Under the CSL, all Network Operators are required to implement the following measures, as relate to:
- Gain permission before collecting personal data, which must be related to the services of the Network Operator (Article 41);
- Explicitly indicate the purpose, means and scope of the collection and use of personal data (Article 41);
- In the event of data leakage, damage or loss, inform citizens affected, report to the competent government departments and take remedial measures (Article 42);
- Delete or amend, on request, any personal data found to violate the provisions of the CSL (Article 43).
- Establish internal security management systems and operating rules, such as emergency response plans and periodical risk warnings for members, according to a tiered network security protection system (to be released by the State Council) (Articles 21-30);
- Appoint a member of personnel responsible for network security (Article 21);
- Store important data, and personal information gathered or produced during operations in China, within the mainland territory of the PRC;
- When business need requires the transfer of such data out of China, demonstrate the necessity of data export and conduct or submit to a security assessment, depending on the size or importance of data (the specifics of which the CAC has yet to disclose) (Article 37).
Note that while Article 37 only imposes this last provision on CIIOs, controversially, the CAC’s supplementary Measures for the Security Assessment of Outbound Transmission of Personal Information and Critical Data (“Measures”) extend the provision to all Network Operators, scheduling full enforcement for the end of 2018.

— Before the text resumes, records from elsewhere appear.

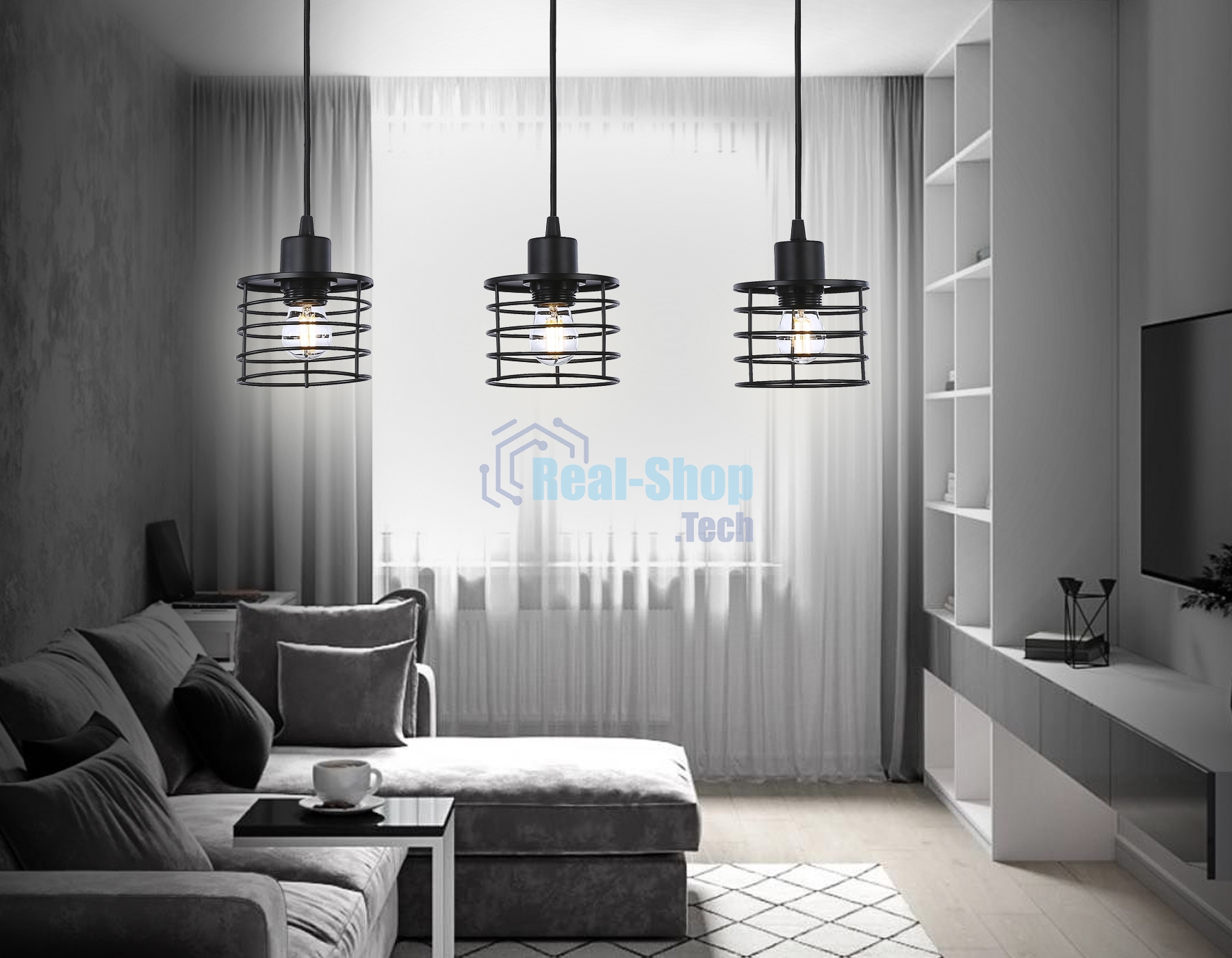 Светильник Ambrella light TR8075/3 BK черный E27*3 max 40W 582*120*1040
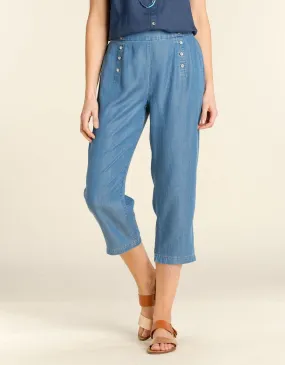 Pantacourt lyocell bleu - Pantalons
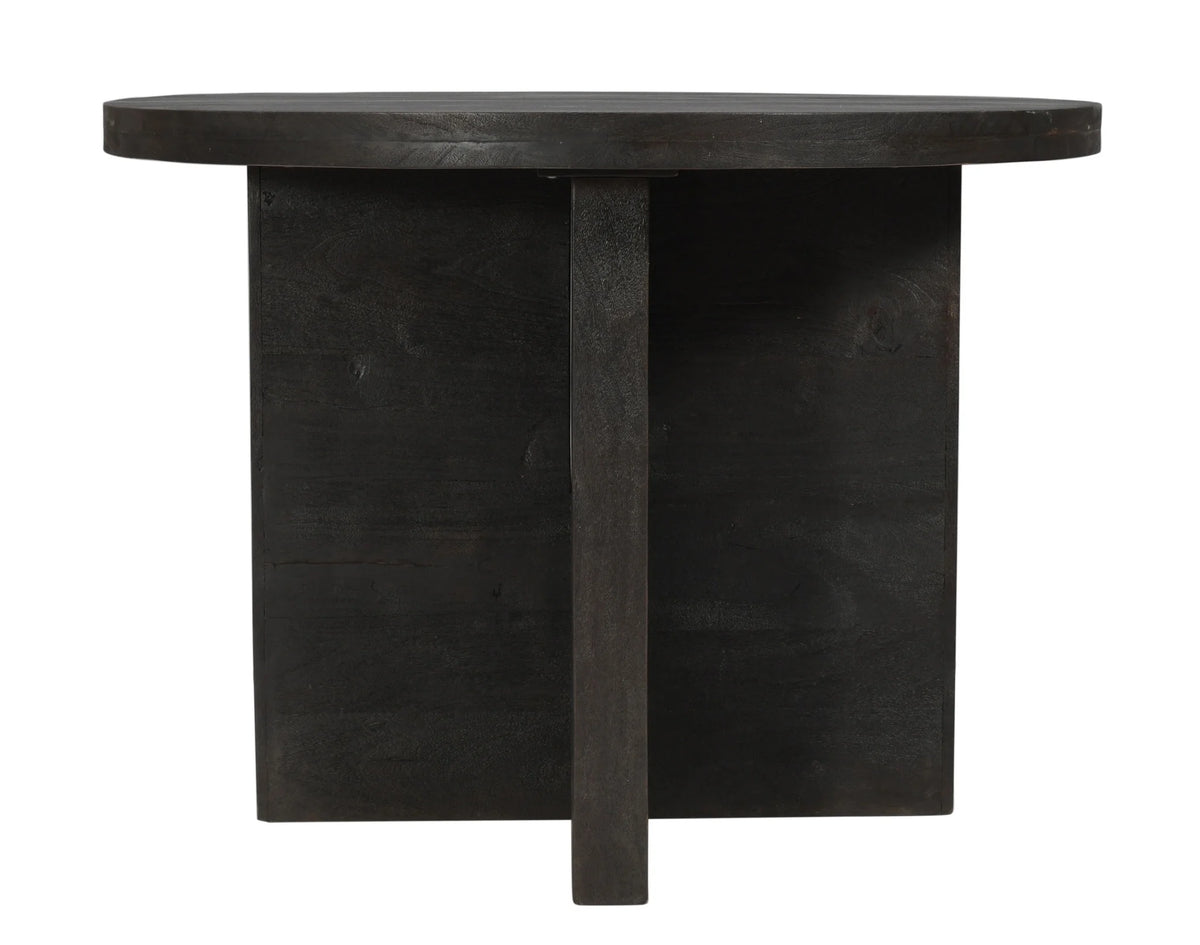 Dark Gray Rounded Solid Wood Dining Table N9438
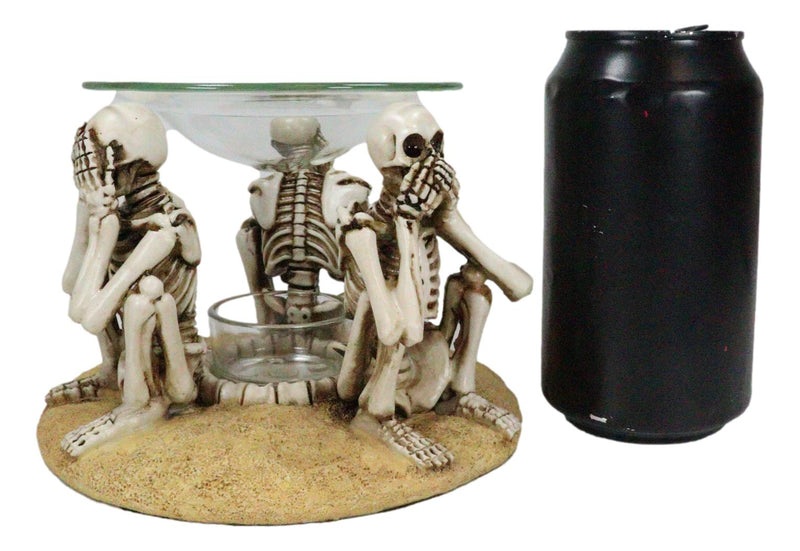 Funny Macabre See Hear Speak No Evil Skeletons Candle Aroma Oil Tart Burner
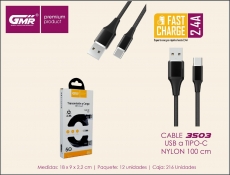 GMR PREMIUM CABLE NYLON TIPO-C 2,4A 100CM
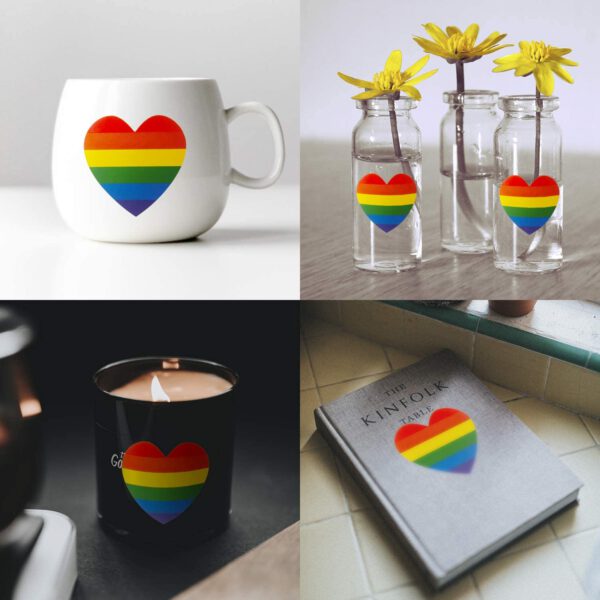 Mini Rainbow Herzform-Sticker (10 Stück) – Bild 3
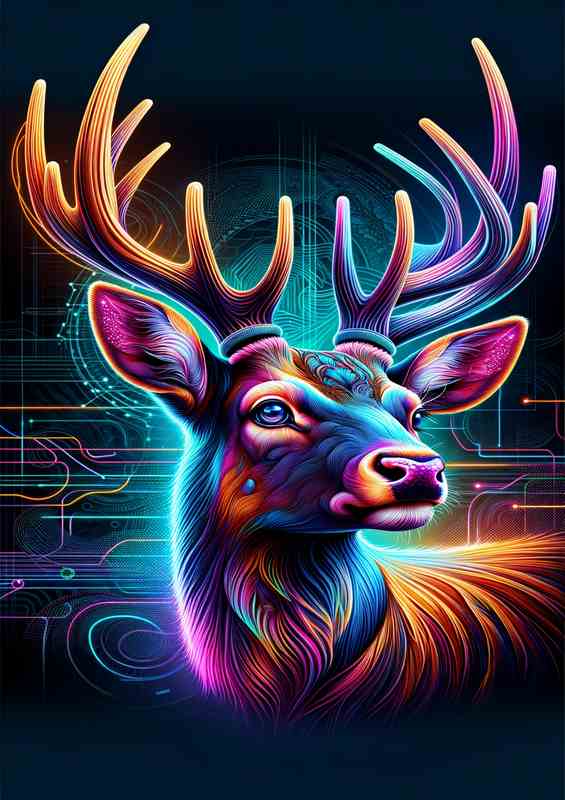 A regal deers head in neon digital art natural grace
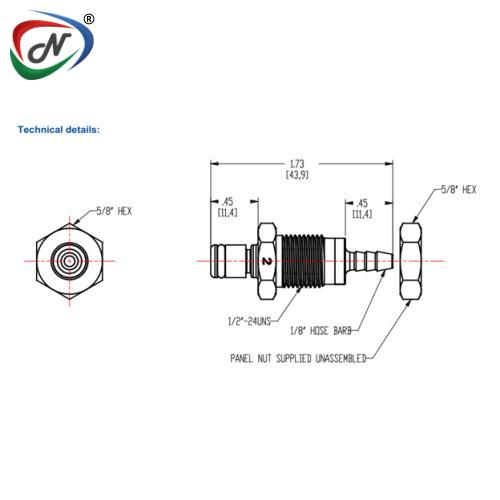 CPC Quick Connect & Disconnect Solutions 14200 1/8 Hose Barb Non-Valved Panel Mount Acetal Coupling Insert  (PMC4202 NSF) NSSP004239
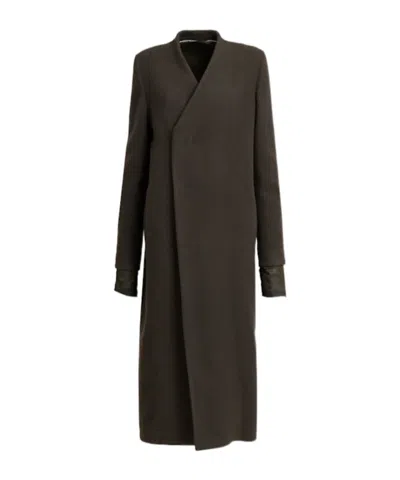 Rick Owens Museum Collarless Boiled Wool Long Coat In Black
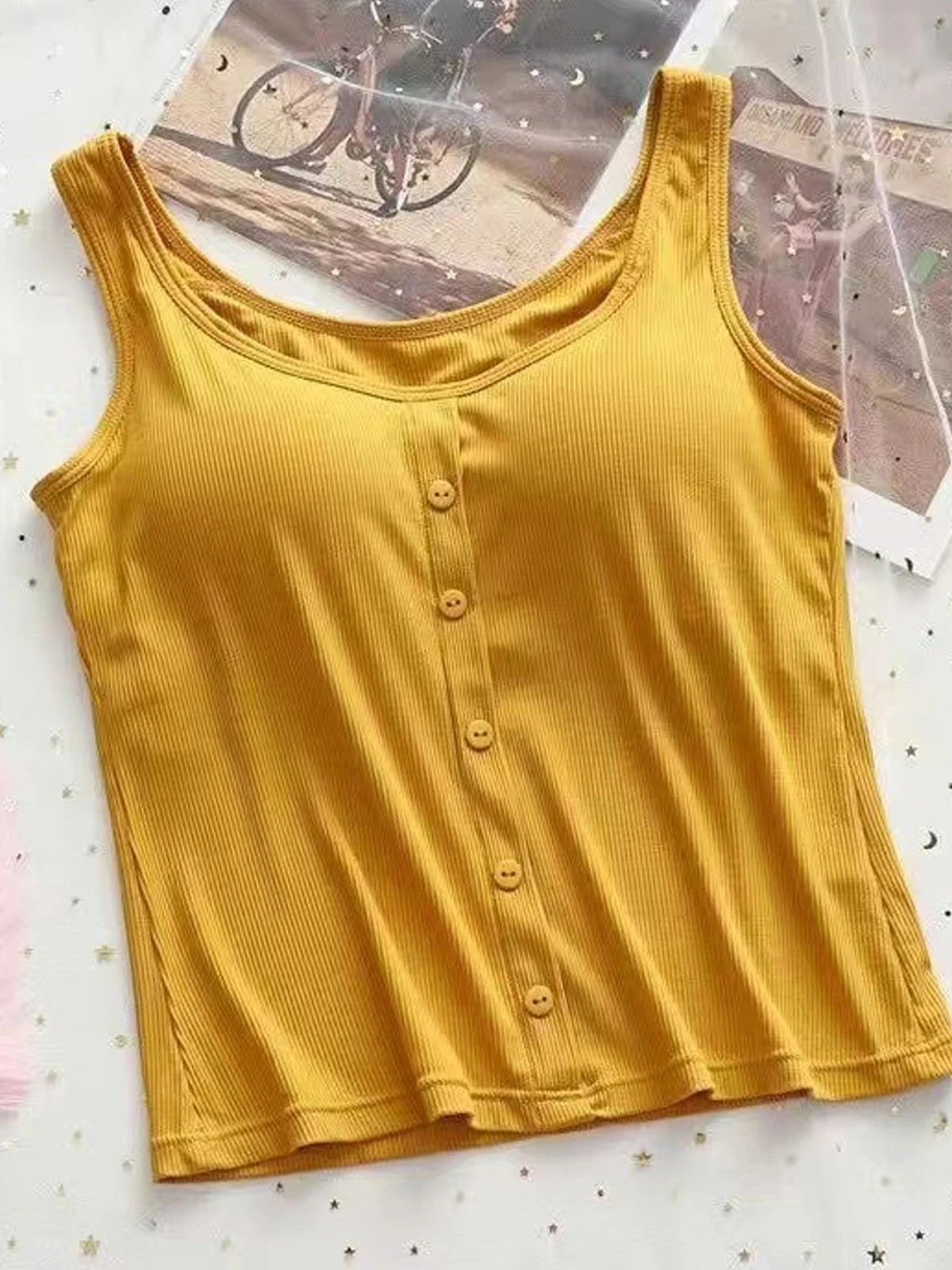 Crew Neck Plain Casual Buckle Tank Top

Many are concerned that, among the implications of this extension, the administrative hurdles proposed by the Measures will impact upon the ability of a range of companies to conduct cross-border business in a timely manner. It is also ultimately possible that companies unable to demonstrate the “necessity” of data export will need to relocate servers to China, involving significant IT restructurings.
Maintaining Compliance: How should companies respond?
Seeking to ease the concerns of multinationals, the CAC has made assurances that it is not the object of the CSL to obstruct cross-border data flow or China’s integration with the global economy, both of fundamental importance to China’s global economic ambitions. Notably, discourse surrounding the CSL has also often overlooked the fact that the present escalation in cyber governance is not unique to China. Coming into force in May 2018, the EU’s General Data Protection Regulation (“GDPR”) bears remarkable similarity to the CSL in respect of the need to appoint data protection “officers”, report data breaches and justify cross-border data transfers.
Nonetheless, China’s historic restriction of the freedom of information and newly professed goal of asserting “internet sovereignty” have sparked concerns over the potential for arbitrary implementation of the new law. Severe penalties for violations of the CSL, including the cancellation of business licenses and fines of up to RMB 1,000,000 (approximately USD 150,000), have done little to allay these concerns.
Given the potential scope and impact of the CSL, companies are advised to take preparatory measures as soon as possible. These should include:
- Reviewing privacy policies to ensure compliance with new provisions on data collection;
- Appointing responsible network security personnel and staff to monitor the release of implementing regulations;
- Conducting internal audits, creating checklists of issues to address and protocols to establish;
- Determining whether company could be categorised as a CIIO, and identifying any additional obligations;
- Understanding the potential implications of data localization for data storage.
Only the forthcoming implementing regulations, which the CAC and State Council may issue at any time, will reveal the wider implications of the new law. Multinational companies operating in China are advised to monitor closely these on-going developments in the evolution of China’s cybersecurity regime.